Hedgehog (Hh) signal transduction in the primary cilium. The primary cilium has several spatially distinct regions that promote normal Hh signal transduction. Entry into the cilium is gated at the transition zone; the EVC zone facilitates pathway activation in some cell types; the cilia tip compartment, defined by KIF7, is the site of enrichment and activation of the GLI/SUFU complex; and proteolytic processing to make GLI repressors that may occur at the base where protein kinase A (PKA) is localized and leads to formation of Gli3R. In the absence of Hh signal, PTCH1 and Gpr161, both negative regulators of the pathway, are present in the cilia membrane. Gpr161 trafficking into the cilium depends on TULP3 and intraflagellar transport (IFT)-A; GPR161 appears to activate Gαs, which activates adenylyl cyclase, which increases the levels of cAMP, thereby activating PKA. Activated PKA phosphorylates sites on GLI3 that promote partial proteolysis by βTrCP/Cul1 and the proteasome, generating Gli3 repressor (Gli3R), which moves to the nucleus and represses expression of Hh target genes. GLI2 and GLI3 are trafficked to the tip of the cilium in the absence of ligand in a complex with SuFu, and processing of GLI3 depends on it having transited the cilium.

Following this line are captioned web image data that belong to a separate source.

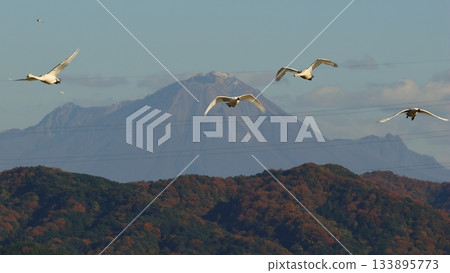 Swans flying against the backdrop of autumn foliage Swans flying against the backdrop of autumn foliage 133895773
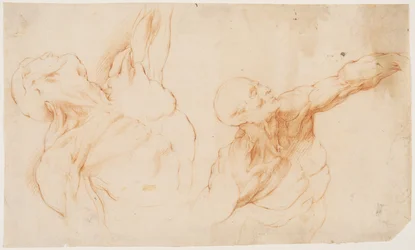 Twee anatomische studies (écorchés). Gevild torso van een man, zijn linkerarm opgeheven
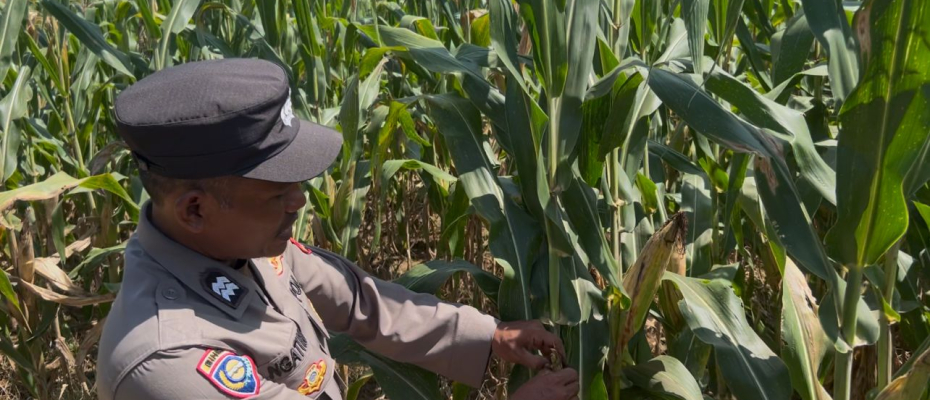 Polres Seluma Pantau Perkembangan Tanaman Jagung, Dukung Program Ketahanan Pangan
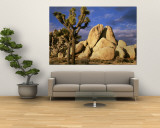 Joshua Tree National Park  California  USA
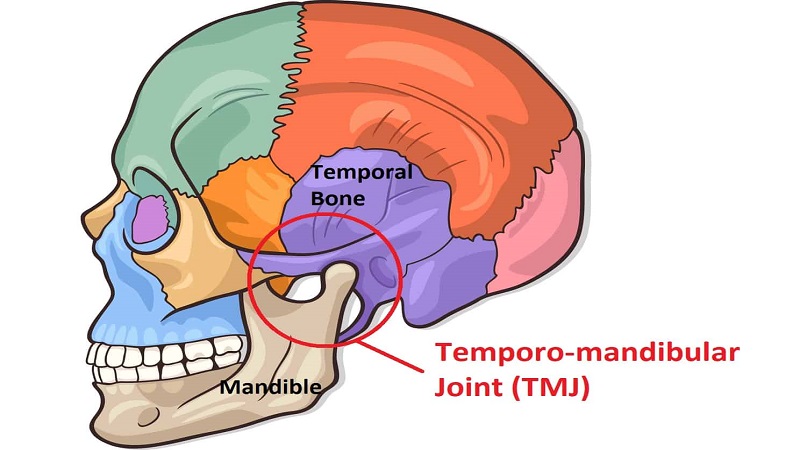 مفصل گیجگاهی فکی TMJ | لیزر دندانپزشکی اصفهان - طرح لبخند اصفهان | دکتر حسین برجیان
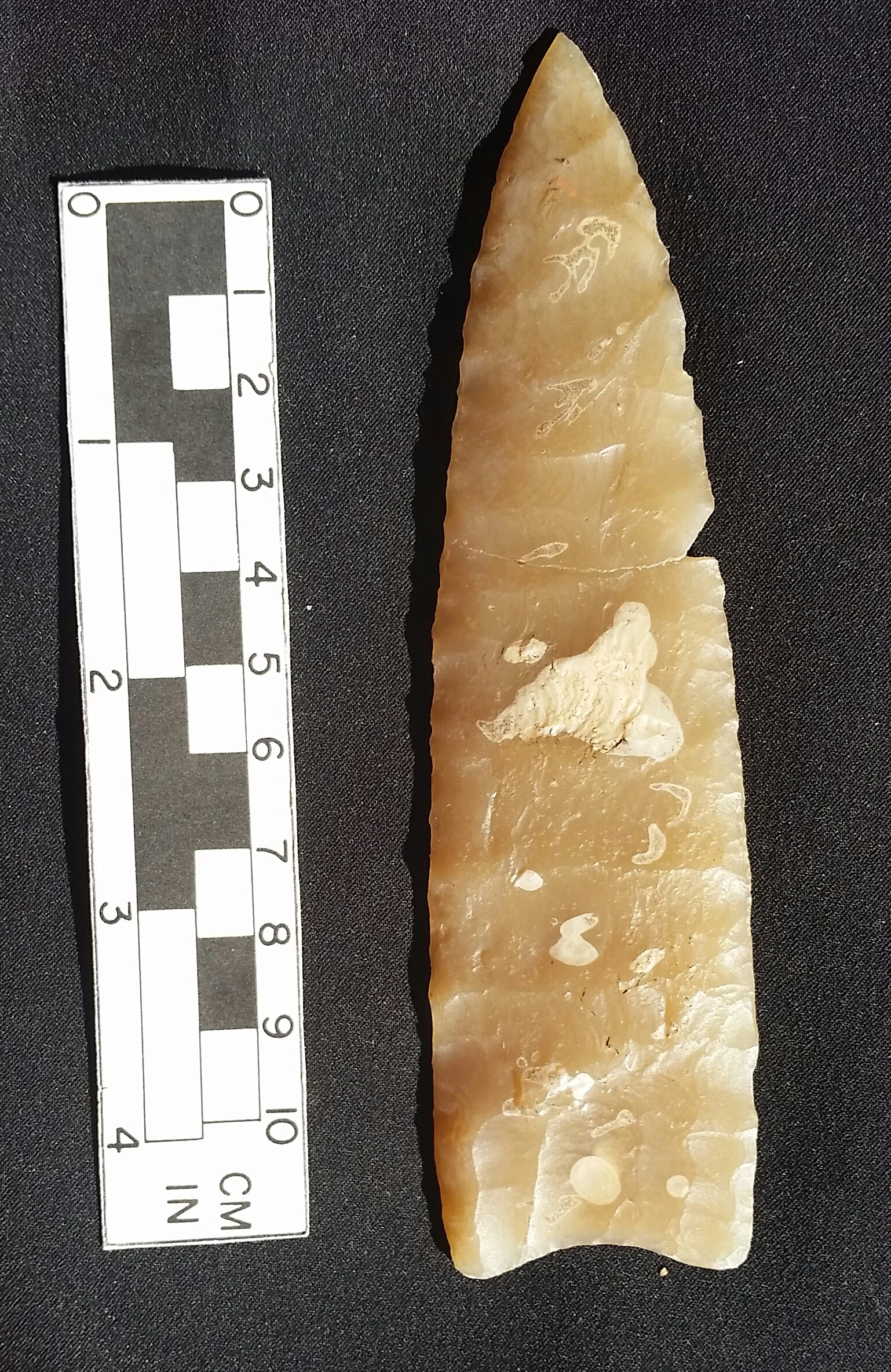 Drake Cache Clovis cast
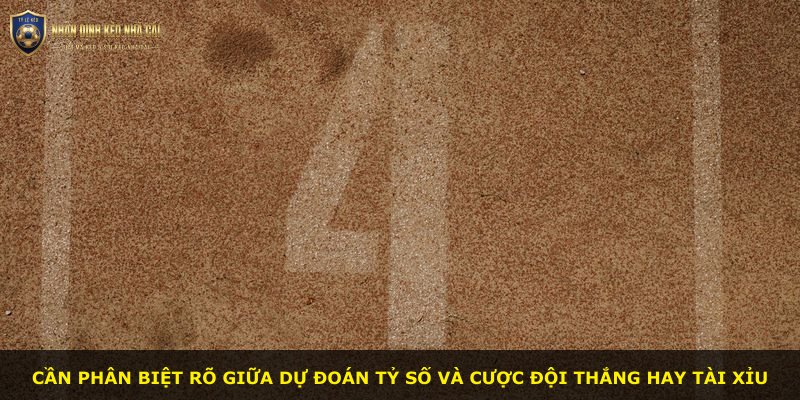 Cần phân biệt rõ giữa dự đoán tỷ số và cược đội thắng hay tài xỉu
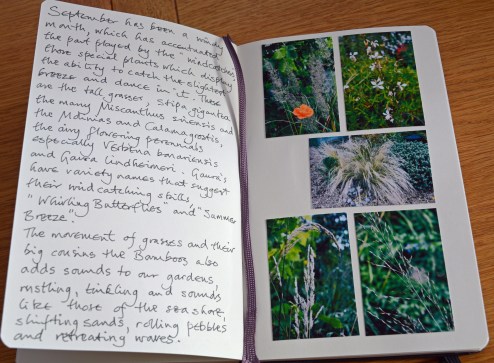 2015 10 22_6620_edited-1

Binding of Hh to PTCH1 triggers its removal from the cilium, allowing Smoothened (SMO) to translocate into the cilium where it can activate downstream signaling. Gpr161 also exits the cilium after exposure to ligand. Binding of EvC to SMO near the base of the cilium promotes SMO activity. In the presence of ligand, the GLI/SUFU complex accumulates to high levels at the tip of the cilium, where dissociation of the complex allows formation of the activator form of GLI2.

Figure 4.

Lineage-dependent cilia formation in the early mouse embryo. (A) Three lineages defined in the preimplantation embryo persist in the postimplantation embryo (E8.0 embryo shown). Two extraembryonic lineages, the trophectoderm (blue) and visceral endoderm (red) contribute to the placenta and yolk sac respectively; these two lineages lack primary cilia. Nearly all nonmitotic cells of the third lineage, the epiblast (black), are ciliated; this lineage gives rise to almost all cells of the embryo proper, as well as to mesoderm-derived components of the placenta and yolk sac. (B) Paracrine Hh signaling in the yolk sac. Upper drawing represents the two layers of the E8.0 yolk sac (lassoed in panel A). The unciliated visceral endoderm layer produces IHH, but does not activate Hh target genes. The adjacent ciliated extraembryonic mesoderm responds to the IHH produced by the visceral endoderm and produces BMP4, which leads to formation of the blood islands (lower panel). (Image based on data in Baron 2001.) (C) A blood vessel in the E14.5 yolk sac from an embryo expressing a Centrin2-GFP, a marker for the basal body, and ARL13b-mCherry, a marker of the cilia membrane. The lineage relationships are preserved from earlier development—the visceral endoderm (cell layer at the top of the image) has GFP⁺ centrioles, but lacks cilia (arrowhead), whereas the extraembryonic mesoderm that surrounds the vessel filled with round blood cells is ciliated (arrow). (Image from Bangs et al. 2015; modified, with permission, from the authors.)